WORK INSTRUCTIONS: For this exercise, restate every line below word for word and drop the images.

SOURCE MATERIAL:
===============

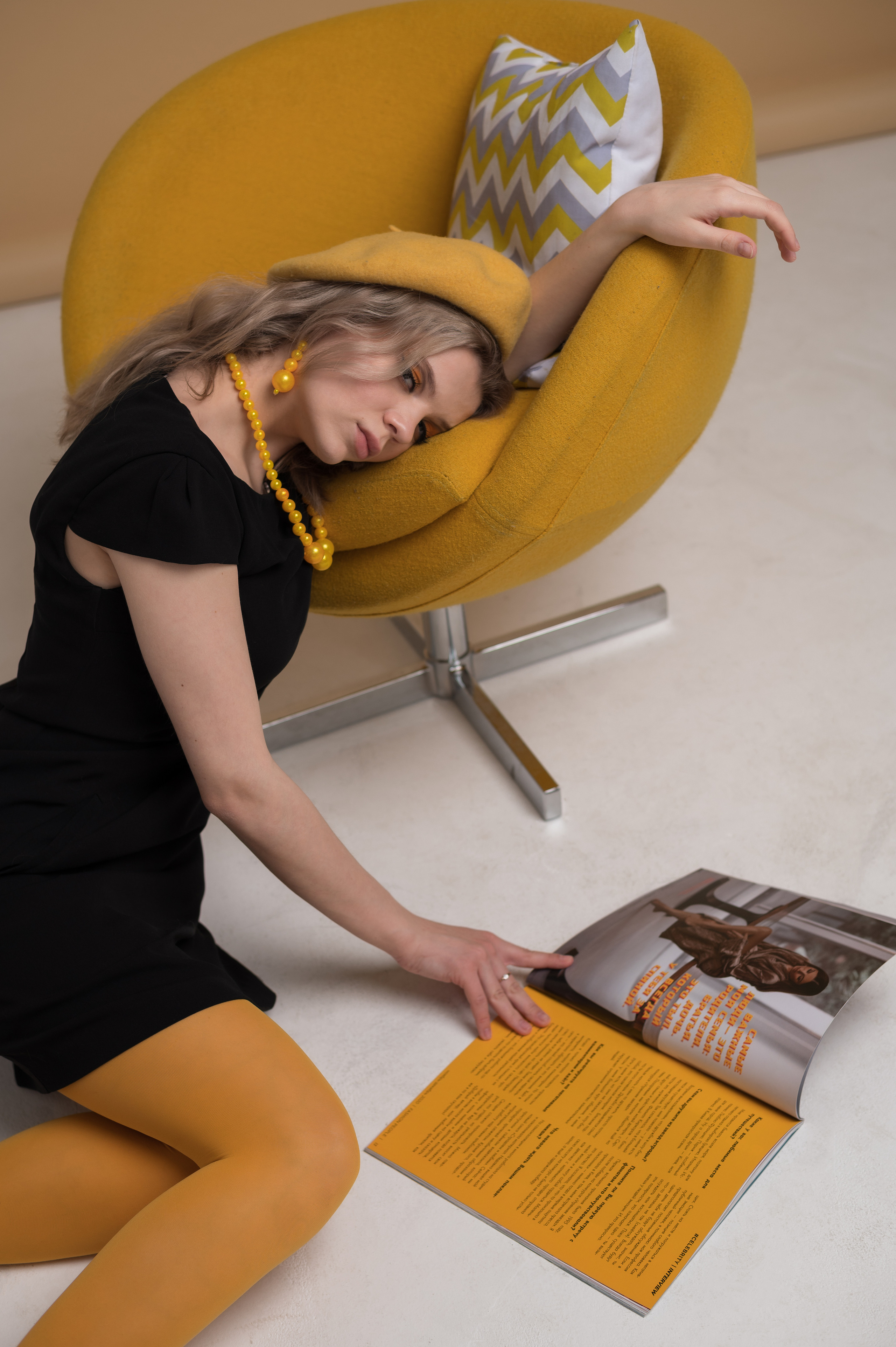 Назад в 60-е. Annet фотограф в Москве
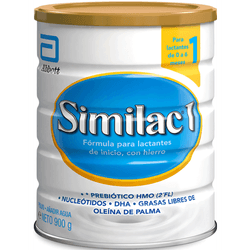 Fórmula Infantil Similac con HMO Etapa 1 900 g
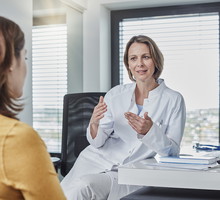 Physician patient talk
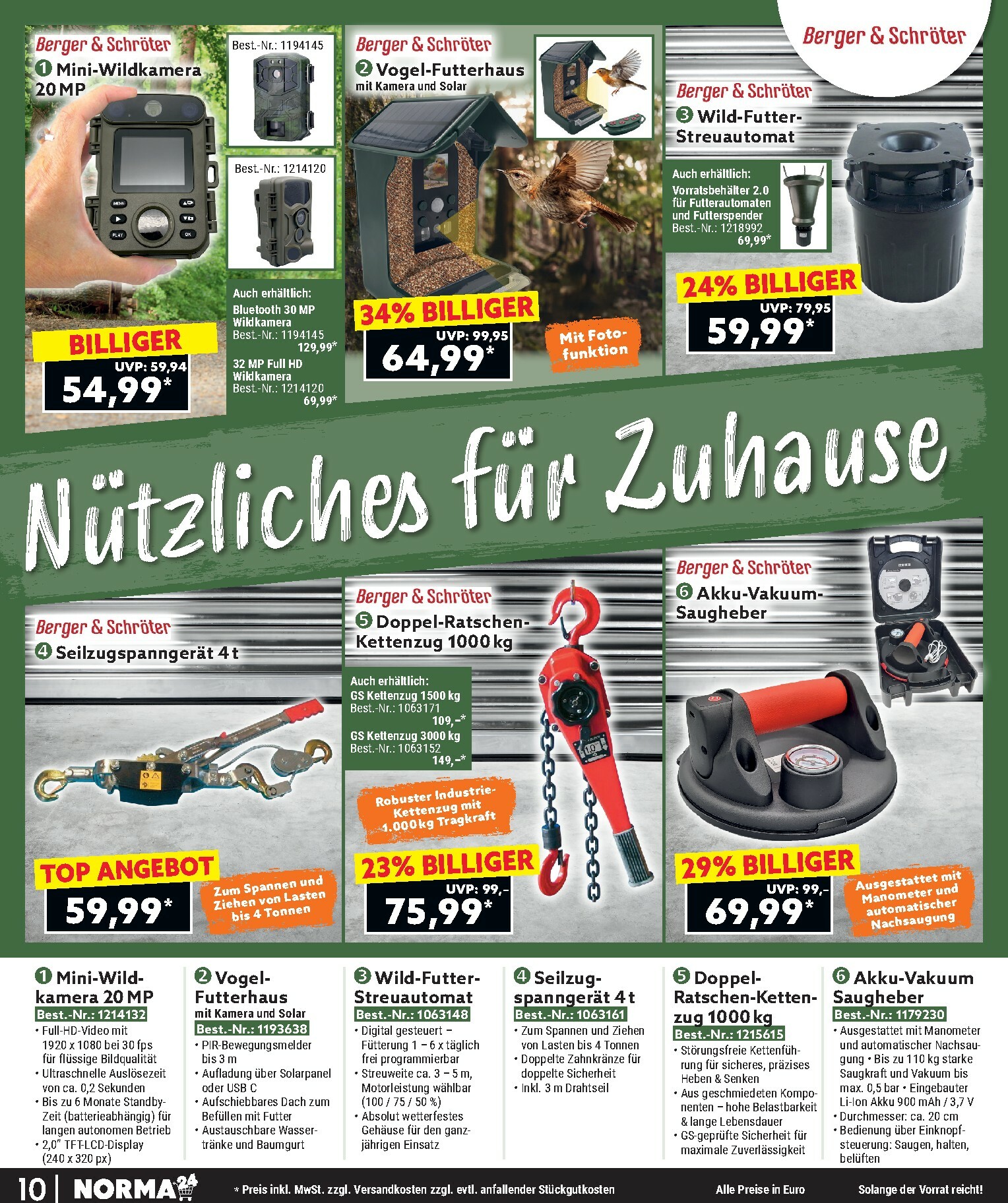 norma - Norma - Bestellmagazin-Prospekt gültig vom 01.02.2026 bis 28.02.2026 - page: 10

===============

ANSWER TO THE EXERCISE:
 Назад в 60-е. Annet фотограф в Москве
 Fórmula Infantil Similac con HMO Etapa 1 900 g
 Physician patient talk
 norma - Norma - Bestellmagazin-Prospekt gültig vom 01.02.2026 bis 28.02.2026 - page: 10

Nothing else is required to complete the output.